Monte Carlo simulation for project risk assessment¶

This notebook is an element of the free risk-engineering.org courseware. It can be distributed under the terms of the Creative Commons Attribution-ShareAlike licence.

Author: Eric Marsden eric.marsden@risk-engineering.org

This notebook contains an introduction to use of Python and the NumPy library for Monte Carlo simulation applied to a simple project risk problem. See the associated course materials for an introduction to the use of stochastic simulation methods and to download this content as a Jupyter/Python notebook. Please note that this content is pedagogical in nature rather than intended for practical use, but some commercial project management tools implement a similar technique.

Project management is notorious for providing incorrect (mostly overly confident) predictions on project costs and durations. Indeed, things rarely go according to plan in a complex project, and deviations from original estimates cause projects not to meet their delivery dates or the budgeted cost.

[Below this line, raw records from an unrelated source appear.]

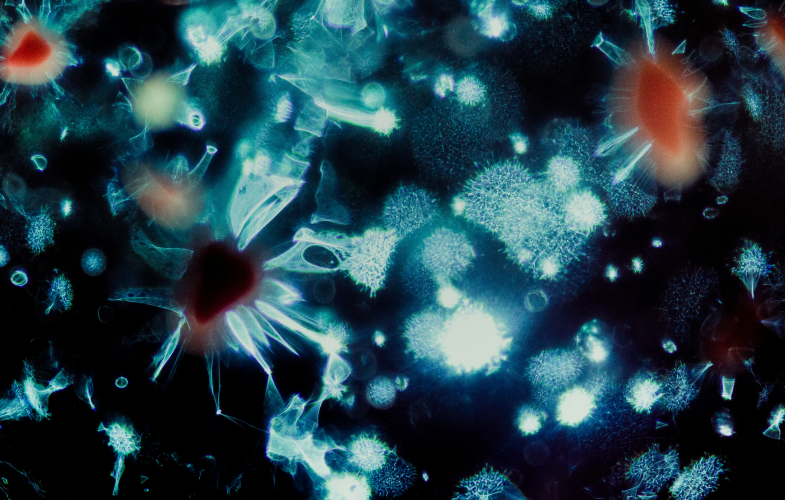 Cell Biology study programs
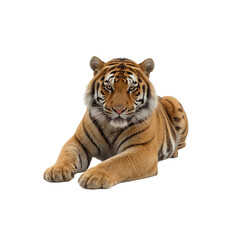 Fototapeta premium Majestic Bengal Tiger Lying Down, Intense Gaze, Isolated on Transparent Background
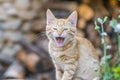 Closeup shot of a cute ginger yawning kitten Royalty Free Stock Photo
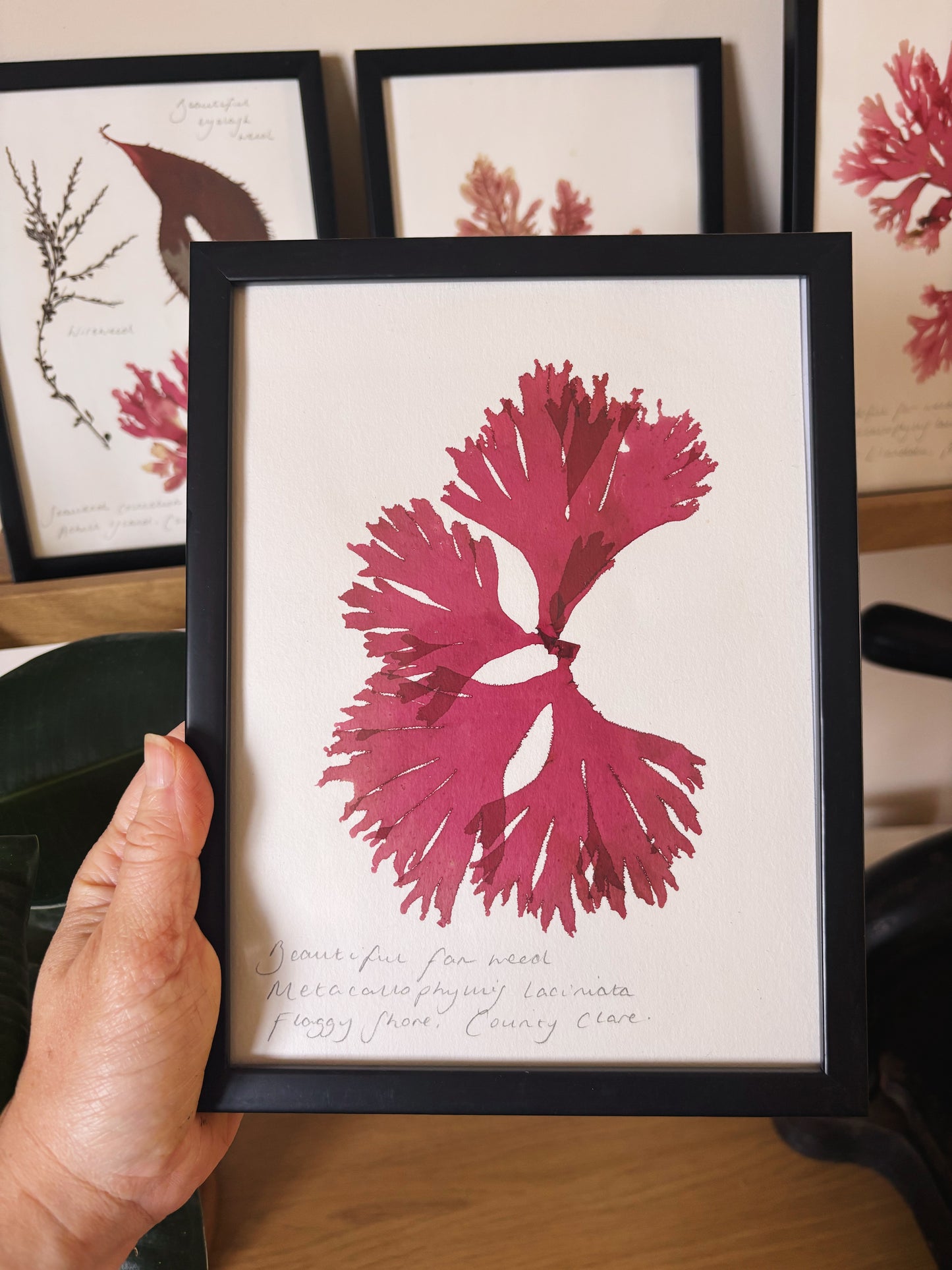 Beautiful fan weed, Flaggy shore, County Clare   - Medium framed original pressed seaweed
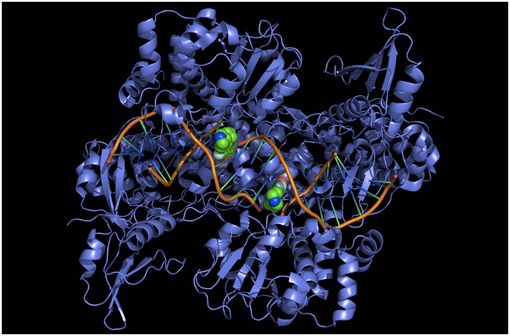 Ciprofloxacin 250mg Spc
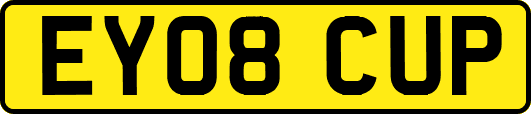 EY08CUP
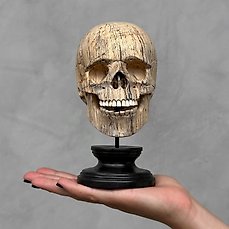 Snijwerk, NO RESERVE PRICE – Hand-carved Wooden Human Skull With Stand – 20 cm – Tamarinde hout – 2024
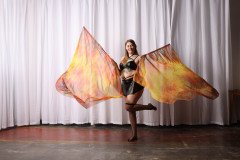 Cat_260304-1290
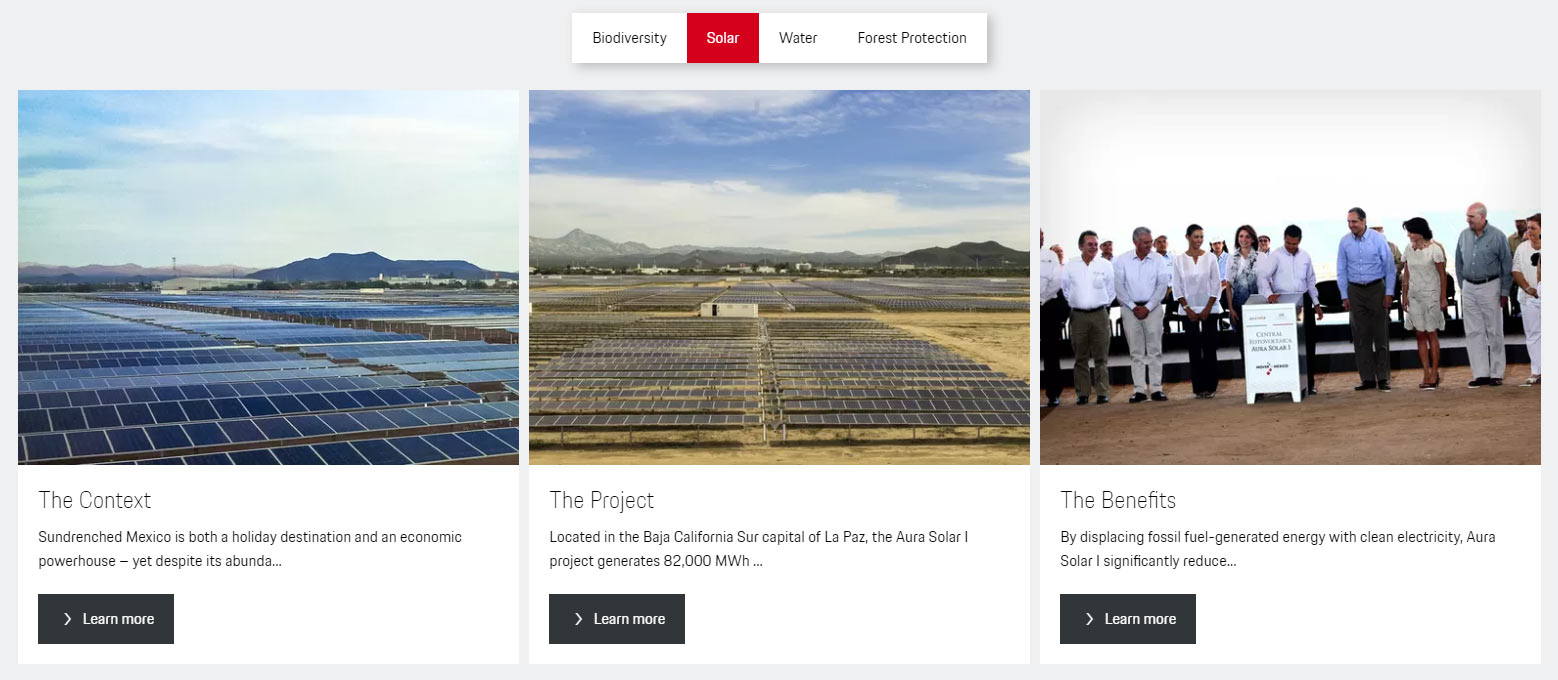 Feel Bad About Polluting In Your 911? Porsche Will Gladly Help (And Take Your Money)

Project risk assessment consists of providing answers to questions such as the following:

what is the probability of completing the project within the planned budget and delivering before the due date?
What are realistic budgets and delivery dates?
What are the key risks that threaten the project’s objectives?

These questions are very important financially and logistically for the companies doing the work, as well as for their clients. To answer these questions, we collect information on estimated completion times and budgets for the individual tasks comprising the project, and their interdependencies. It is said that experienced project managers double the estimated task completion times provided to them then add two months, and still end up underestimating completion time. Experience shows that people provide better estimates if they are asked to provide a range of values for completion time and budget (a best case, worst case and most likely outcome).

Problem statement¶

A construction project involves three tasks:

Task 1 is likely to take three days (70% probability), but it might also be completed in two days (with 10% probability) or four days (20% probability)
Task 2 has a 60% probability of taking six days to finish, a 20% probability each of being completed in five days or eight days
Task 3 has an 80% probability of being completed in four days, 5% probability of being completed in three days and a 15% probability of being completed in five days.

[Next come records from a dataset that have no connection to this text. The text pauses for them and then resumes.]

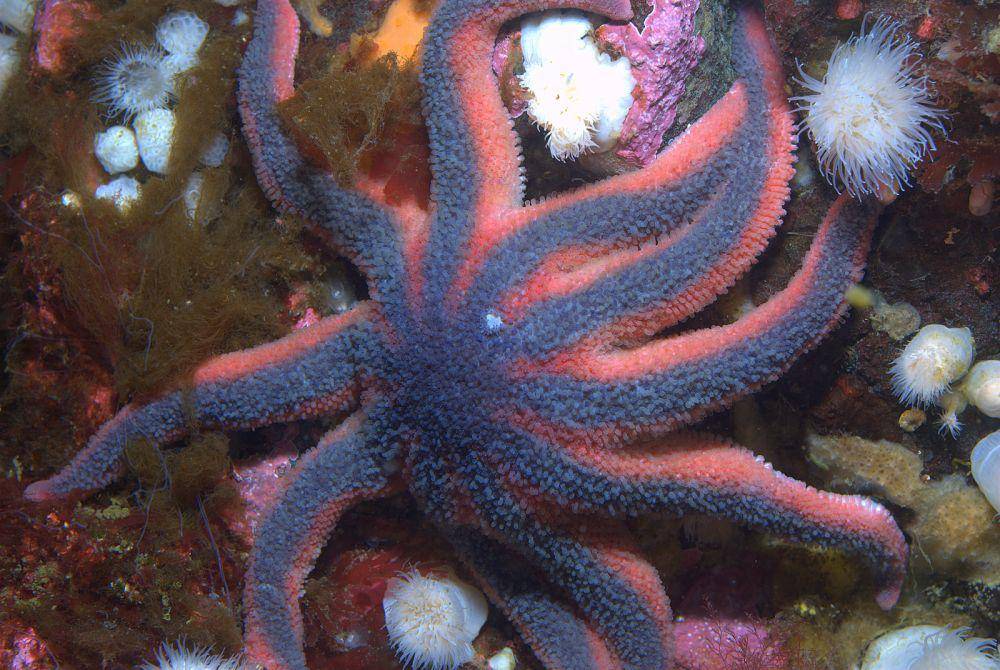 Solaster stimpsoni (commons.wikimedia.org/Ed Bierman)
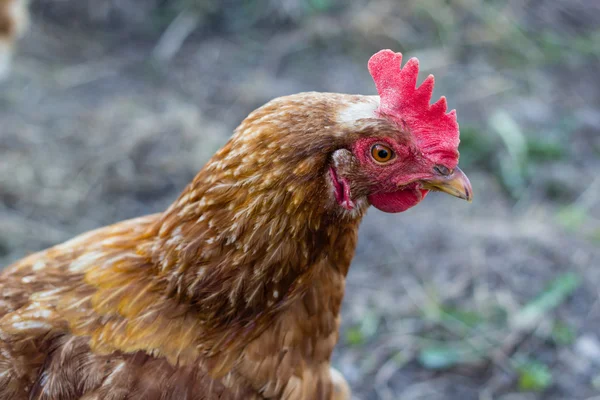 Brun kyckling höna — Stockfoto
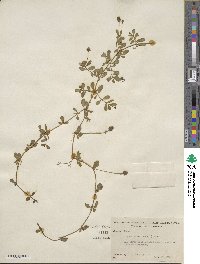 Phyla nodiflora image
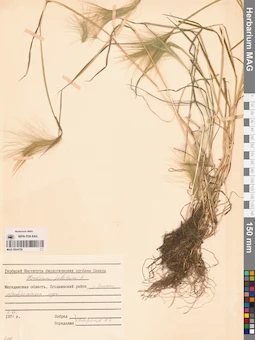 MAG 0004708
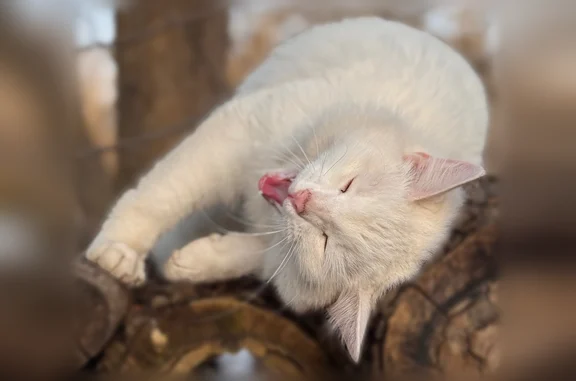 Пропала кошка, 1-я Заречная, Зарайск — белый кот - photo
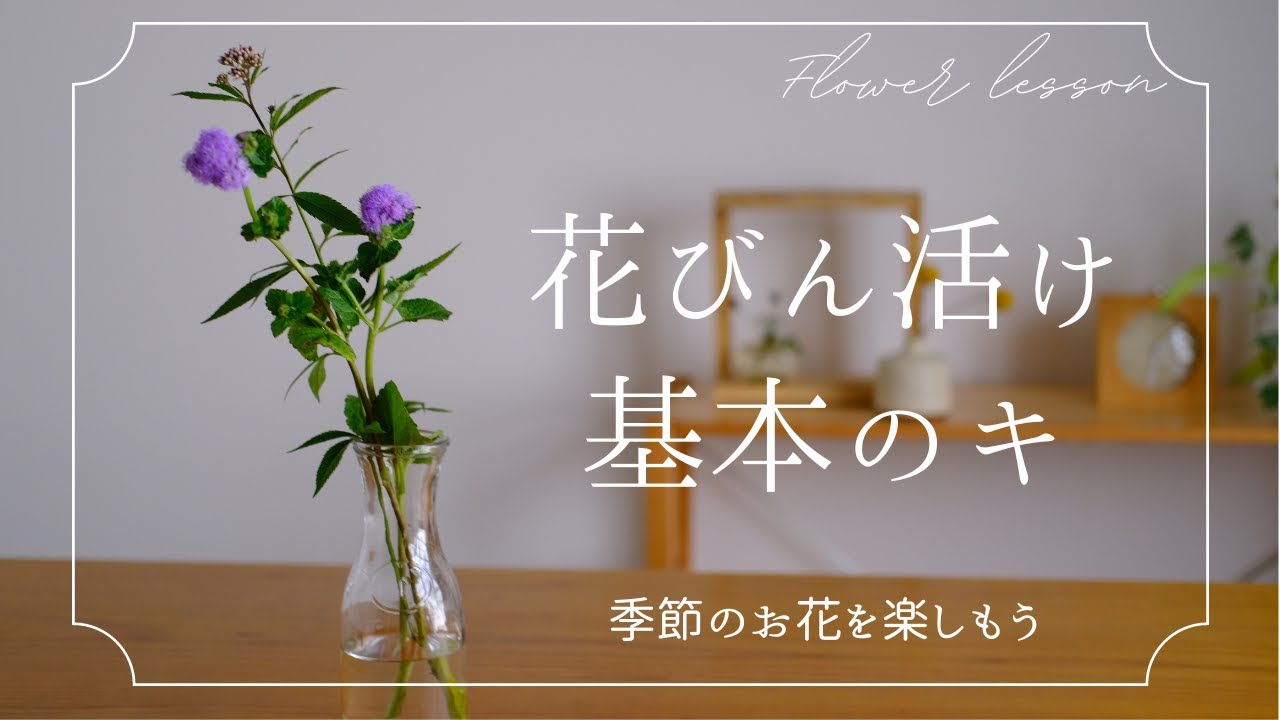 【花びん活け基本のキ】はじめての花びん活け お花と花瓶のバランス 茎の切り方 お花の活け方　京都フラワーアレンジ教室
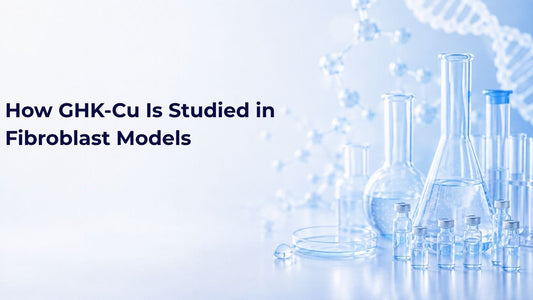 How GHK-Cu Is Studied in Fibroblast Models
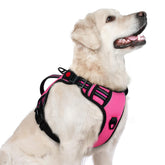 Arnés Rabbitgoo para perro grande rosa general, cómodo para paseos diarios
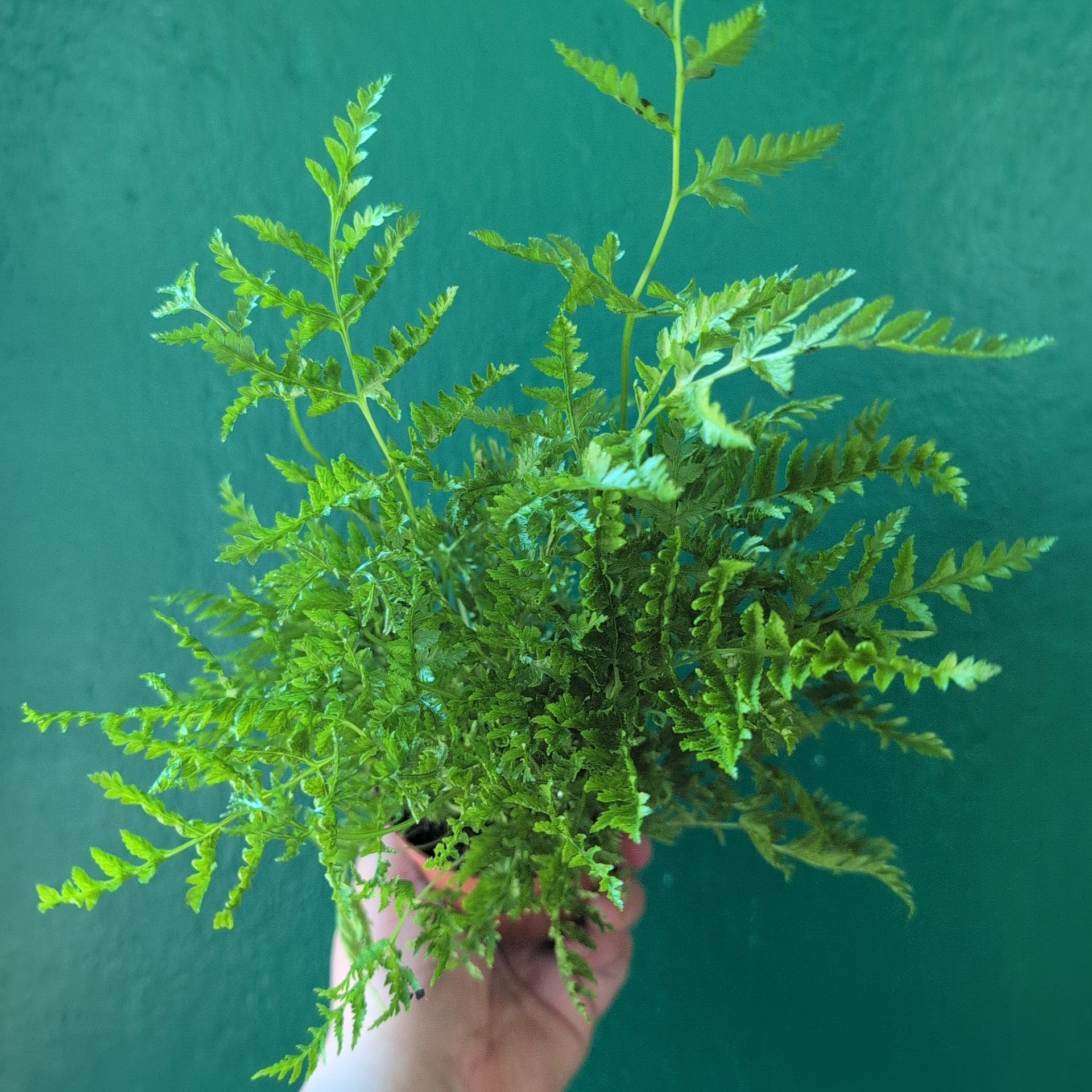 Pteris straminea (Silver Ribbon Fern)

Each task is dependent on the task before it, meaning that the three tasks must be executed in sequence. Your task is to provide information to the project manager concerning the expected completion time of the project and possible delays.

Basic approach using best and worst case¶

A basic approach to project risk would calculate best case and worst case project completion time. Our example is very simple so it’s easy to make this estimate by hand. We illustrate how to use interval arithmetic to resolve this kind of problem in more complex scenarios. We use the mpmath Python library for arbitrary precision floating point arithmetic, which provides support for interval arithmetic. You may need to install this library, for instance with

pip install mpmath

or if you’re using a Google CoLaboratory notebook, execute a code cell containing

!pip install mpmath

Because the tasks must be completed in sequence, the total duration of the project is simply the sum of the individual task durations.

In [1]:

from mpmath import iv

task1 = iv.mpf([2, 4])
task2 = iv.mpf([5, 8])
task3 = iv.mpf([3, 5])
task1 + task2 + task3

Out[1]:

mpi('10.0', '17.0')

So the best case completion time is 10 days, and the worst case is 17 days. That’s a very big range of uncertainty in our project risk assessment!

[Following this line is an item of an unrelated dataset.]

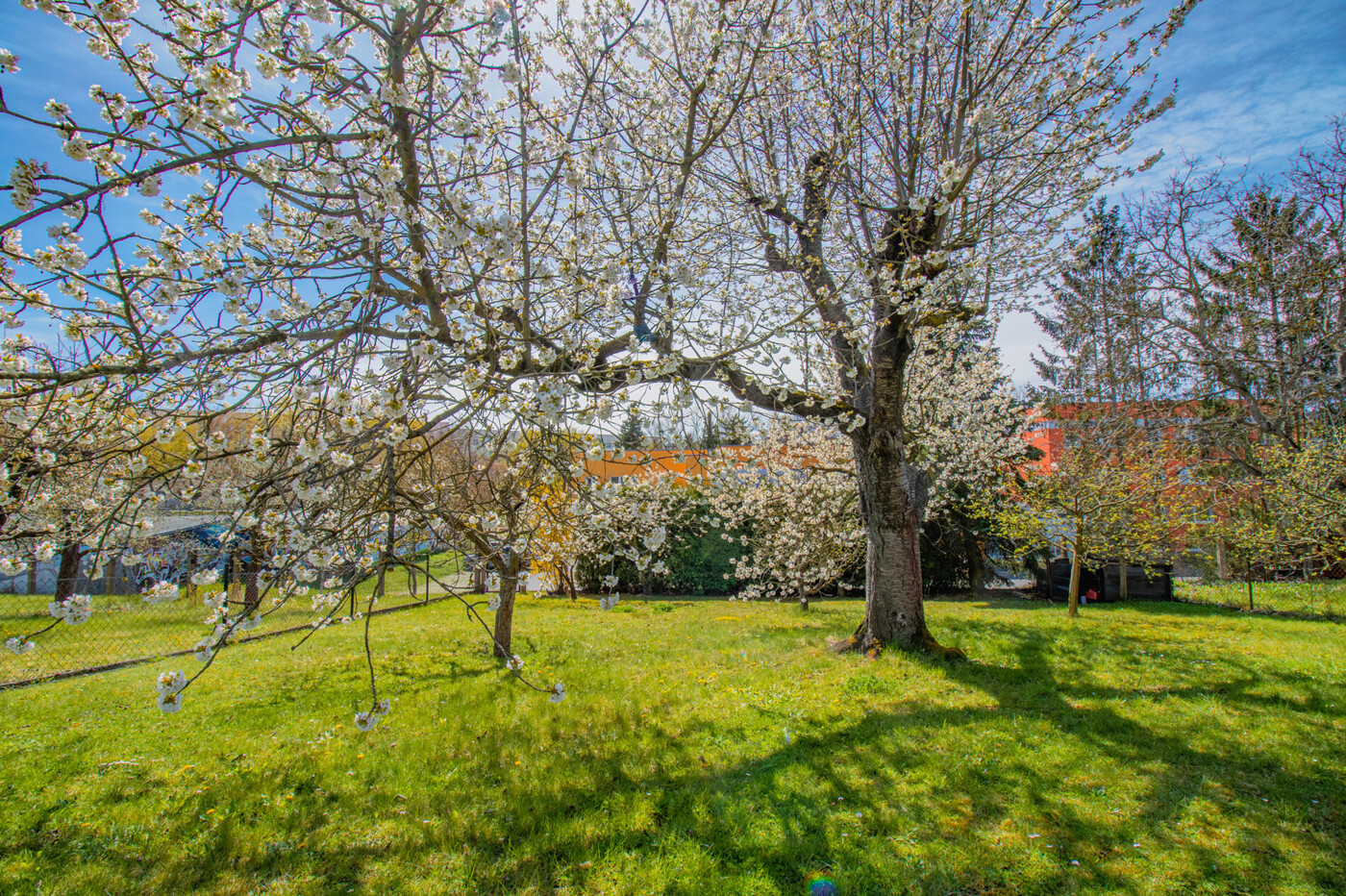 großer Kirschbaum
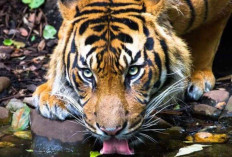 Krisis Habitat Harimau Sumatera di Sumsel, Perlu Solusi Efektif Cegah Konflik Manusia-Satwa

Monte Carlo stochastic simulation¶

Using a Monte Carlo stochastic simulation method, we will estimate the probability distribution of completion time, providing much more information for decision-making on project risk than only best and worst cases.

We start by defining a function that simulates the completion time of task 1. The functions use pseudorandom numbers generated from a uniform distribution.

In [2]:

import numpy
import matplotlib.pyplot as plt
plt.style.use("bmh")
%config InlineBackend.figure_formats=["svg"]

def task1_days() -> int:
    u = numpy.random.uniform()
    if u < 0.7: return 3
    if u < 0.8: return 2
    return 4

Let’s check that the function returns a plausible value if called once:

In [3]:

task1_days()

Out[3]:

Then check that the distribution of a large number of calls looks plausible:

In [4]:

N = 1000
sim = numpy.zeros(N, dtype=int)
for i in range(N):
    sim[i] = task1_days()
plt.stem(numpy.bincount(sim))
plt.title("Expected duration of task 1")
plt.xlabel("Days")
plt.margins(0.1)

We check that this result is plausible: the most likely duration is three days, and a duration of four days roughly two times more likely than a duration of 2 days. OK, this fits our task description.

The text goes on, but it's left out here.